Die jüngeren Ursachen liegen in der arbeitsteilig produzierten Dummheit der Massen, die zur monotonen Trägheit erzogen werden. Die wirklichen Ursachen liegen in der christlichen Ideologie, die sich im Verlauf der Jahrhunderte zum Kapitalismus konkretisierte. Der einzelne Gläubige sollte keinen Überblick über seine Verhältnisse gewinnen.

Auch die Gemeinde war zur mündigen Selbstregulierung nicht fähig. Christus musste das Haupt der Gemeinde werden, damit sie unter autoritärer Leitung ungeschoren durch die Zeitläufte käme. Der erwünschte Idealgläubige hatte seinen Verstand bei Gott abgegeben und überließ das Schiffchen der Gemeinde urteilslos dem Großen Steuermann.

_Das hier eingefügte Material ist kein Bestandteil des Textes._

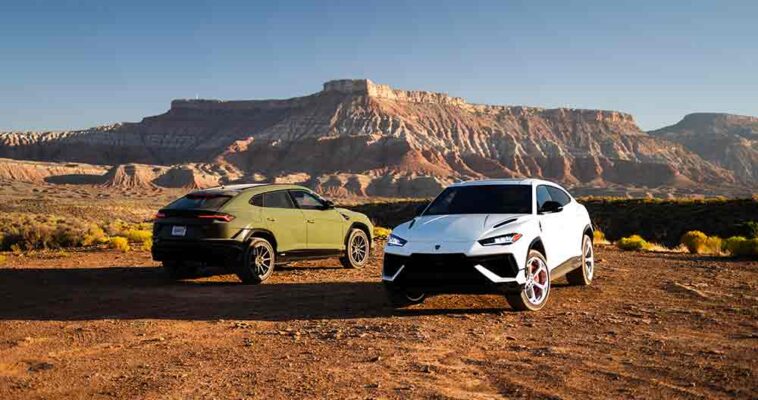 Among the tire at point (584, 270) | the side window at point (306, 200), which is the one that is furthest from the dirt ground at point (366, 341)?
the side window at point (306, 200)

Vernunft und Glaube schlossen sich rigoros aus. Der autonome Heide verwandelte sich in der Taufe zu einem unmündigen Kind, das in allen Dingen den Himmel zu befragen hatte. Die Weisheit der Welt wurde vor Gott eine Torheit. „Vernichten werde ich die Weisheit der Weisen und die Einsicht der Einsichtigen werde ich verwerfen.“ Was war das Ergebnis dieser Verwerfung des menschlichen Verstandes? Eine Gemeinde, die in geistlichen und weltlichen Dingen nicht bis drei zählen konnte und sich dem Personal des Himmels oder der von Gott eingesetzten Obrigkeit unterzuordnen hatte.

„Sehet an, liebe Brüder, eure Berufung: nicht viel Weise nach dem Fleisch, nicht viel Gewaltige, nicht viel Edle sind berufen. Sondern was töricht ist vor der Welt, das hat Gott erwählt, daß er die Weisen zu Schanden mache; und was schwach ist vor der Welt, das hat Gott erwählt, daß er zu Schanden mache, was stark ist; und das Unedle vor der Welt und das Verachtete hat Gott erwählt, und das da nichts ist, daß er zunichte mache, was etwas ist, auf daß sich vor ihm kein Fleisch rühme.

Priester brauchen unmündige Toren. Keine Weisen und Urteilsfähigen, die ihre Herrschaft und Kanzelbotschaften kritisch beäugen. Demokratien gehen zugrunde, wenn ihre Bürger nicht fähig sind, sich ihres Verstandes zu bedienen.

Keine neoliberale Elite ist wirklich daran interessiert, den Bildungsstand und die Urteilsfähigkeit ihrer Abhängigen zu heben und zu fördern. Das Ergebnis kennen wir: wie Strom aus der Steckdose kommt, kommt der Wohlstand von den Eliten. Sie sind die werte-schaffenden Schichten, die die Überflüssigen über Wasser halten müssen, weil diese geistig träge und ohne Unternehmungsgeist vor sich hinvegetieren. Wie die Tiere und die Wilden.